What is being asked:
All of the data needs to come back exactly as written.

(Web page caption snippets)

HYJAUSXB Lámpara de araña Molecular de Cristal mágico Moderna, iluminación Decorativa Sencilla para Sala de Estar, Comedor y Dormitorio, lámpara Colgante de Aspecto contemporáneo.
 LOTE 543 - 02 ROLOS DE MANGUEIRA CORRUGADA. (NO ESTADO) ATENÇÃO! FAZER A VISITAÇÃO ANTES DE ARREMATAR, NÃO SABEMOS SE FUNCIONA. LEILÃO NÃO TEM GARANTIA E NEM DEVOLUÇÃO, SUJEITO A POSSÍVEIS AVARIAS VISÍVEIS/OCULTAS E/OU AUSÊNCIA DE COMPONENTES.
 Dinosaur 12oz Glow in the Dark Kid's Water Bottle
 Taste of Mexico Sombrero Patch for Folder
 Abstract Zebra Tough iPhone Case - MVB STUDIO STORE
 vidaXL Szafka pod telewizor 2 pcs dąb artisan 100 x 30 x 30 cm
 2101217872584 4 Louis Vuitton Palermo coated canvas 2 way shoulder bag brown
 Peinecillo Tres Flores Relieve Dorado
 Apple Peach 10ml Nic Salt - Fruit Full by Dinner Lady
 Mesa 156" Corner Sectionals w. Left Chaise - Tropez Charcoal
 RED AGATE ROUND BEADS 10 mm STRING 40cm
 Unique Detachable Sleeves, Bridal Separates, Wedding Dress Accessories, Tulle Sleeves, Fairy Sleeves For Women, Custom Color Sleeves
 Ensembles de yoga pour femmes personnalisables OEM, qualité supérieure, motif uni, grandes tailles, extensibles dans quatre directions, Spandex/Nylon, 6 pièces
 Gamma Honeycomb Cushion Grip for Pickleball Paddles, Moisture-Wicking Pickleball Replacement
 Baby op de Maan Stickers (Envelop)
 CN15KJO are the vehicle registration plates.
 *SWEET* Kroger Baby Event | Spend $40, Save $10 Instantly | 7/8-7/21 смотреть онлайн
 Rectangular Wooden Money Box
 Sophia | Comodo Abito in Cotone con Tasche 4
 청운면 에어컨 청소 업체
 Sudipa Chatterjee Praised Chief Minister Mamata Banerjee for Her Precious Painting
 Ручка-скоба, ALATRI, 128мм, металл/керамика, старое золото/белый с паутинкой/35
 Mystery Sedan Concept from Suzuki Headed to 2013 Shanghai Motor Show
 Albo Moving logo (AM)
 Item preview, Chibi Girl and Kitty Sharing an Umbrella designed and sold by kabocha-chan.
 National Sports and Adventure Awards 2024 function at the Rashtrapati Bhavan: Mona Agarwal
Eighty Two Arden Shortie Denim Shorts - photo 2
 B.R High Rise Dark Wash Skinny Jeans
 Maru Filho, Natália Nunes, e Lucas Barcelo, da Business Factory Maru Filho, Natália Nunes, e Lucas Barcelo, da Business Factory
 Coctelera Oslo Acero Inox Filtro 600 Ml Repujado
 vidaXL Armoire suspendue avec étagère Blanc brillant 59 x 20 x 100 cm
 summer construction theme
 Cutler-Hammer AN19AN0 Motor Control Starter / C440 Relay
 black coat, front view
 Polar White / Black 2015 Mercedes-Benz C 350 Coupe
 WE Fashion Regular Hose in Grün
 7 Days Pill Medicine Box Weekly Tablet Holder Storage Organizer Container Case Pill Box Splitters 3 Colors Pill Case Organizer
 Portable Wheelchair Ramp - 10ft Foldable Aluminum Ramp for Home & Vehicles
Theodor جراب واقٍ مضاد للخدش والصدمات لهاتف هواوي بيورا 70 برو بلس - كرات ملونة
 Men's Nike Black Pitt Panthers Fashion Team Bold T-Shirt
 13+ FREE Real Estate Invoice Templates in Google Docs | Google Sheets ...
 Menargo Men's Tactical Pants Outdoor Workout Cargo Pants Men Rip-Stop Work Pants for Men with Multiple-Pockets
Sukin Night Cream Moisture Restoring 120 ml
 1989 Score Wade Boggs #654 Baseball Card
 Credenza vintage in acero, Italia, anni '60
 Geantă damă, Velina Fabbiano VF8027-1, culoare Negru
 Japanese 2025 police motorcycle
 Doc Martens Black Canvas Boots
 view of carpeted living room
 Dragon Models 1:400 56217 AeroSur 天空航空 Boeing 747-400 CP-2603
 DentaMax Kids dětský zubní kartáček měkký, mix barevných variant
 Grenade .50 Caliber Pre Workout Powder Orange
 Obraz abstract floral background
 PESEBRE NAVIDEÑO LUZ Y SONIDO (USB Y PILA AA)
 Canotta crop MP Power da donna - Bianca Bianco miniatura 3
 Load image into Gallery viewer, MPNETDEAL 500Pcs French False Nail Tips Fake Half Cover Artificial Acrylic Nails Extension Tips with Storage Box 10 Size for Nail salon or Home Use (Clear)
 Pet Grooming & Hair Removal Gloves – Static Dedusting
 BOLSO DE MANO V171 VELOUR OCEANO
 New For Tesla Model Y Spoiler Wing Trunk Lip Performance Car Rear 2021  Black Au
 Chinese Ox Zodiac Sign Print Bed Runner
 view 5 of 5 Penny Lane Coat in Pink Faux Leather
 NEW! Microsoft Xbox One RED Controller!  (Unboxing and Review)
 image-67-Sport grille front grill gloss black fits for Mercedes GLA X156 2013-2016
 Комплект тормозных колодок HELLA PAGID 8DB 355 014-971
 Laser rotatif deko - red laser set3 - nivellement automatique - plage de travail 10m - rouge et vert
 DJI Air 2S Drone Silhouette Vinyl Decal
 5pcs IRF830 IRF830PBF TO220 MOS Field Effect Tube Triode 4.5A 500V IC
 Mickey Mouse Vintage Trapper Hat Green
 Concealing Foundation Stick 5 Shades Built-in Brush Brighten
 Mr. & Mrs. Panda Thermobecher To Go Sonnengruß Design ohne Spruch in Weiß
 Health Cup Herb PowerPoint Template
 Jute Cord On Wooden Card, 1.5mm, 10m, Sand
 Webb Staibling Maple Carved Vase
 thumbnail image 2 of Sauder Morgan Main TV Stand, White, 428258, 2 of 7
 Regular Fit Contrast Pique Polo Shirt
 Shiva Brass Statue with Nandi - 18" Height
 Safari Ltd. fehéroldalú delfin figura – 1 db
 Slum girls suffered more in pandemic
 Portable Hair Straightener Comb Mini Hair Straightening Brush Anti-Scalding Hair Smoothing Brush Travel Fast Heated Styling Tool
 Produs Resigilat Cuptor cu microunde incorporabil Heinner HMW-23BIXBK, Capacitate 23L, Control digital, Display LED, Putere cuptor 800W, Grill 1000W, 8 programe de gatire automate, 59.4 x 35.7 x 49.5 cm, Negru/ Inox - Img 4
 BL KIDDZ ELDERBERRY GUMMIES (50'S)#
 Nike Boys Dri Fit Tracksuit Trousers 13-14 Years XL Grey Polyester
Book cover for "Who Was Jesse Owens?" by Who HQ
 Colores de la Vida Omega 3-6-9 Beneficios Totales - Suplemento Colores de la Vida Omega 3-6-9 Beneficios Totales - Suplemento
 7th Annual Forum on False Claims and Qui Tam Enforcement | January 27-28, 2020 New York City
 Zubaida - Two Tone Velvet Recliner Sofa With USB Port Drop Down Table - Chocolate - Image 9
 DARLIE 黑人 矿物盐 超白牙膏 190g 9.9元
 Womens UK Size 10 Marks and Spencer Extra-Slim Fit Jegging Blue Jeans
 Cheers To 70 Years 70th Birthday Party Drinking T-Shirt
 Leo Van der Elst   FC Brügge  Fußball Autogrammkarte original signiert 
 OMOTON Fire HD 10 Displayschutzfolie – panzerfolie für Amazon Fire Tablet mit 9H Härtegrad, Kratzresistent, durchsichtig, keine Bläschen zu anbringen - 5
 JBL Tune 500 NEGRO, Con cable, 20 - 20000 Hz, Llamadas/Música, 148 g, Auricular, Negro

Output of the exercise:
HYJAUSXB Lámpara de araña Molecular de Cristal mágico Moderna, iluminación Decorativa Sencilla para Sala de Estar, Comedor y Dormitorio, lámpara Colgante de Aspecto contemporáneo.
 LOTE 543 - 02 ROLOS DE MANGUEIRA CORRUGADA. (NO ESTADO) ATENÇÃO! FAZER A VISITAÇÃO ANTES DE ARREMATAR, NÃO SABEMOS SE FUNCIONA. LEILÃO NÃO TEM GARANTIA E NEM DEVOLUÇÃO, SUJEITO A POSSÍVEIS AVARIAS VISÍVEIS/OCULTAS E/OU AUSÊNCIA DE COMPONENTES.
 Dinosaur 12oz Glow in the Dark Kid's Water Bottle
 Taste of Mexico Sombrero Patch for Folder
 Abstract Zebra Tough iPhone Case - MVB STUDIO STORE
 vidaXL Szafka pod telewizor 2 pcs dąb artisan 100 x 30 x 30 cm
 2101217872584 4 Louis Vuitton Palermo coated canvas 2 way shoulder bag brown
 Peinecillo Tres Flores Relieve Dorado
 Apple Peach 10ml Nic Salt - Fruit Full by Dinner Lady
 Mesa 156" Corner Sectionals w. Left Chaise - Tropez Charcoal
 RED AGATE ROUND BEADS 10 mm STRING 40cm
 Unique Detachable Sleeves, Bridal Separates, Wedding Dress Accessories, Tulle Sleeves, Fairy Sleeves For Women, Custom Color Sleeves
 Ensembles de yoga pour femmes personnalisables OEM, qualité supérieure, motif uni, grandes tailles, extensibles dans quatre directions, Spandex/Nylon, 6 pièces
 Gamma Honeycomb Cushion Grip for Pickleball Paddles, Moisture-Wicking Pickleball Replacement
 Baby op de Maan Stickers (Envelop)
 CN15KJO are the vehicle registration plates.
 *SWEET* Kroger Baby Event | Spend $40, Save $10 Instantly | 7/8-7/21 смотреть онлайн
 Rectangular Wooden Money Box
 Sophia | Comodo Abito in Cotone con Tasche 4
 청운면 에어컨 청소 업체
 Sudipa Chatterjee Praised Chief Minister Mamata Banerjee for Her Precious Painting
 Ручка-скоба, ALATRI, 128мм, металл/керамика, старое золото/белый с паутинкой/35
 Mystery Sedan Concept from Suzuki Headed to 2013 Shanghai Motor Show
 Albo Moving logo (AM)
 Item preview, Chibi Girl and Kitty Sharing an Umbrella designed and sold by kabocha-chan.
 National Sports and Adventure Awards 2024 function at the Rashtrapati Bhavan: Mona Agarwal
Eighty Two Arden Shortie Denim Shorts - photo 2
 B.R High Rise Dark Wash Skinny Jeans
 Maru Filho, Natália Nunes, e Lucas Barcelo, da Business Factory Maru Filho, Natália Nunes, e Lucas Barcelo, da Business Factory
 Coctelera Oslo Acero Inox Filtro 600 Ml Repujado
 vidaXL Armoire suspendue avec étagère Blanc brillant 59 x 20 x 100 cm
 summer construction theme
 Cutler-Hammer AN19AN0 Motor Control Starter / C440 Relay
 black coat, front view
 Polar White / Black 2015 Mercedes-Benz C 350 Coupe
 WE Fashion Regular Hose in Grün
 7 Days Pill Medicine Box Weekly Tablet Holder Storage Organizer Container Case Pill Box Splitters 3 Colors Pill Case Organizer
 Portable Wheelchair Ramp - 10ft Foldable Aluminum Ramp for Home & Vehicles
Theodor جراب واقٍ مضاد للخدش والصدمات لهاتف هواوي بيورا 70 برو بلس - كرات ملونة
 Men's Nike Black Pitt Panthers Fashion Team Bold T-Shirt
 13+ FREE Real Estate Invoice Templates in Google Docs | Google Sheets ...
 Menargo Men's Tactical Pants Outdoor Workout Cargo Pants Men Rip-Stop Work Pants for Men with Multiple-Pockets
Sukin Night Cream Moisture Restoring 120 ml
 1989 Score Wade Boggs #654 Baseball Card
 Credenza vintage in acero, Italia, anni '60
 Geantă damă, Velina Fabbiano VF8027-1, culoare Negru
 Japanese 2025 police motorcycle
 Doc Martens Black Canvas Boots
 view of carpeted living room
 Dragon Models 1:400 56217 AeroSur 天空航空 Boeing 747-400 CP-2603
 DentaMax Kids dětský zubní kartáček měkký, mix barevných variant
 Grenade .50 Caliber Pre Workout Powder Orange
 Obraz abstract floral background
 PESEBRE NAVIDEÑO LUZ Y SONIDO (USB Y PILA AA)
 Canotta crop MP Power da donna - Bianca Bianco miniatura 3
 Load image into Gallery viewer, MPNETDEAL 500Pcs French False Nail Tips Fake Half Cover Artificial Acrylic Nails Extension Tips with Storage Box 10 Size for Nail salon or Home Use (Clear)
 Pet Grooming & Hair Removal Gloves – Static Dedusting
 BOLSO DE MANO V171 VELOUR OCEANO
 New For Tesla Model Y Spoiler Wing Trunk Lip Performance Car Rear 2021  Black Au
 Chinese Ox Zodiac Sign Print Bed Runner
 view 5 of 5 Penny Lane Coat in Pink Faux Leather
 NEW! Microsoft Xbox One RED Controller!  (Unboxing and Review)
 image-67-Sport grille front grill gloss black fits for Mercedes GLA X156 2013-2016
 Комплект тормозных колодок HELLA PAGID 8DB 355 014-971
 Laser rotatif deko - red laser set3 - nivellement automatique - plage de travail 10m - rouge et vert
 DJI Air 2S Drone Silhouette Vinyl Decal
 5pcs IRF830 IRF830PBF TO220 MOS Field Effect Tube Triode 4.5A 500V IC
 Mickey Mouse Vintage Trapper Hat Green
 Concealing Foundation Stick 5 Shades Built-in Brush Brighten
 Mr. & Mrs. Panda Thermobecher To Go Sonnengruß Design ohne Spruch in Weiß
 Health Cup Herb PowerPoint Template
 Jute Cord On Wooden Card, 1.5mm, 10m, Sand
 Webb Staibling Maple Carved Vase
 thumbnail image 2 of Sauder Morgan Main TV Stand, White, 428258, 2 of 7
 Regular Fit Contrast Pique Polo Shirt
 Shiva Brass Statue with Nandi - 18" Height
 Safari Ltd. fehéroldalú delfin figura – 1 db
 Slum girls suffered more in pandemic
 Portable Hair Straightener Comb Mini Hair Straightening Brush Anti-Scalding Hair Smoothing Brush Travel Fast Heated Styling Tool
 Produs Resigilat Cuptor cu microunde incorporabil Heinner HMW-23BIXBK, Capacitate 23L, Control digital, Display LED, Putere cuptor 800W, Grill 1000W, 8 programe de gatire automate, 59.4 x 35.7 x 49.5 cm, Negru/ Inox - Img 4
 BL KIDDZ ELDERBERRY GUMMIES (50'S)#
 Nike Boys Dri Fit Tracksuit Trousers 13-14 Years XL Grey Polyester
Book cover for "Who Was Jesse Owens?" by Who HQ
 Colores de la Vida Omega 3-6-9 Beneficios Totales - Suplemento Colores de la Vida Omega 3-6-9 Beneficios Totales - Suplemento
 7th Annual Forum on False Claims and Qui Tam Enforcement | January 27-28, 2020 New York City
 Zubaida - Two Tone Velvet Recliner Sofa With USB Port Drop Down Table - Chocolate - Image 9
 DARLIE 黑人 矿物盐 超白牙膏 190g 9.9元
 Womens UK Size 10 Marks and Spencer Extra-Slim Fit Jegging Blue Jeans
 Cheers To 70 Years 70th Birthday Party Drinking T-Shirt
 Leo Van der Elst   FC Brügge  Fußball Autogrammkarte original signiert 
 OMOTON Fire HD 10 Displayschutzfolie – panzerfolie für Amazon Fire Tablet mit 9H Härtegrad, Kratzresistent, durchsichtig, keine Bläschen zu anbringen - 5
 JBL Tune 500 NEGRO, Con cable, 20 - 20000 Hz, Llamadas/Música, 148 g, Auricular, Negro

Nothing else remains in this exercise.